What to work on: Nothing but an exact copy is asked for: the lines in the material below from the one with "3 slaapkamer Villa Te koop" through the one with "Top ponuda Blackmagic", pictures excluded.

Provided data:
================

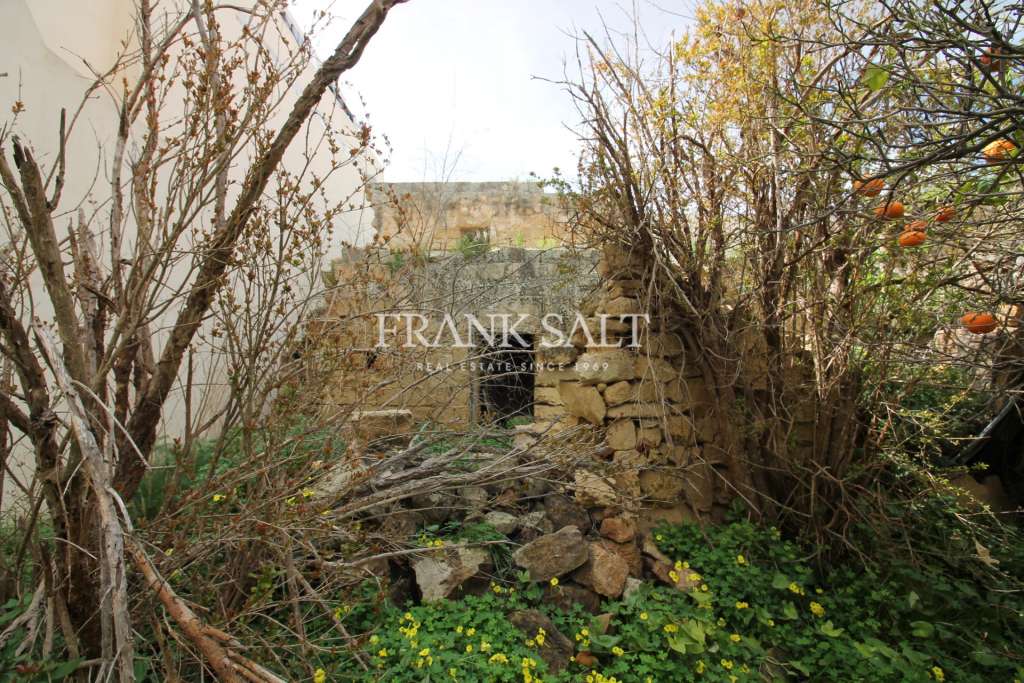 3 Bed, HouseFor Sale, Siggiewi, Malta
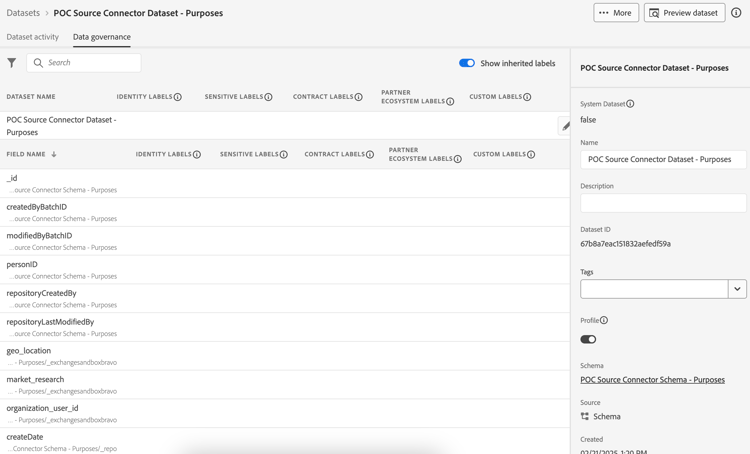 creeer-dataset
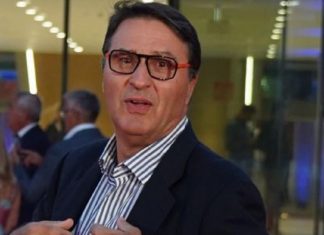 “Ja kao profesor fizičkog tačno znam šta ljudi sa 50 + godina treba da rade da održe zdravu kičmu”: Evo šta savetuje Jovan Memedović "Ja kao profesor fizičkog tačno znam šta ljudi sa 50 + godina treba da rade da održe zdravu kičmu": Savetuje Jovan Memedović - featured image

================

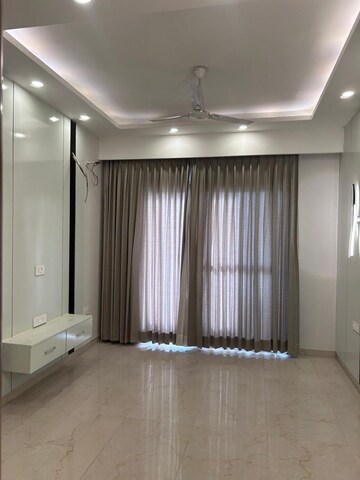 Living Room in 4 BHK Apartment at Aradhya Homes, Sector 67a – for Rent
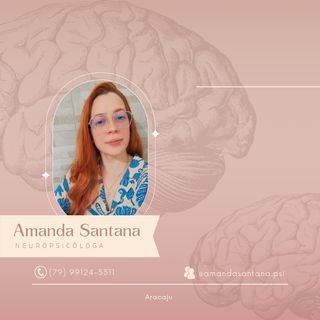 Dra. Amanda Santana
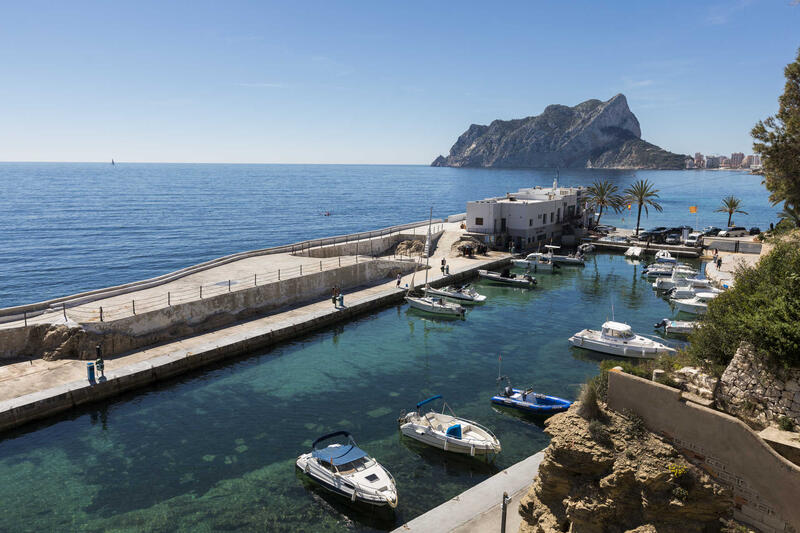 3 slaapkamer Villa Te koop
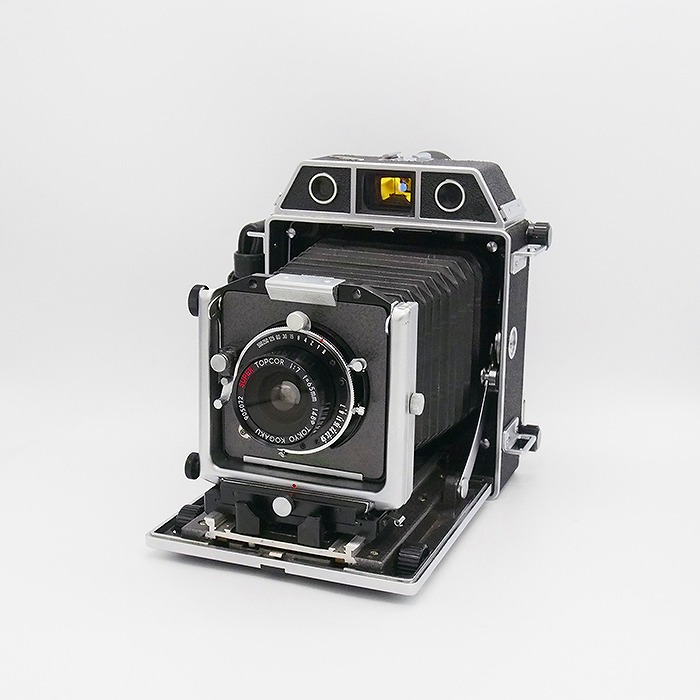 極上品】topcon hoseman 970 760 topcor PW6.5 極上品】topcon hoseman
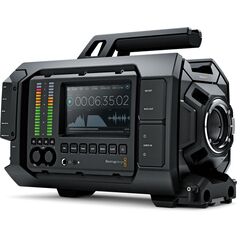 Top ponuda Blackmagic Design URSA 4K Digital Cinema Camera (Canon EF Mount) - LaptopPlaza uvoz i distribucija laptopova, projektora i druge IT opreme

================

Result of the exercise:
 3 slaapkamer Villa Te koop
 極上品】topcon hoseman 970 760 topcor PW6.5 極上品】topcon hoseman
 Top ponuda Blackmagic Design URSA 4K Digital Cinema Camera (Canon EF Mount) - LaptopPlaza uvoz i distribucija laptopova, projektora i druge IT opreme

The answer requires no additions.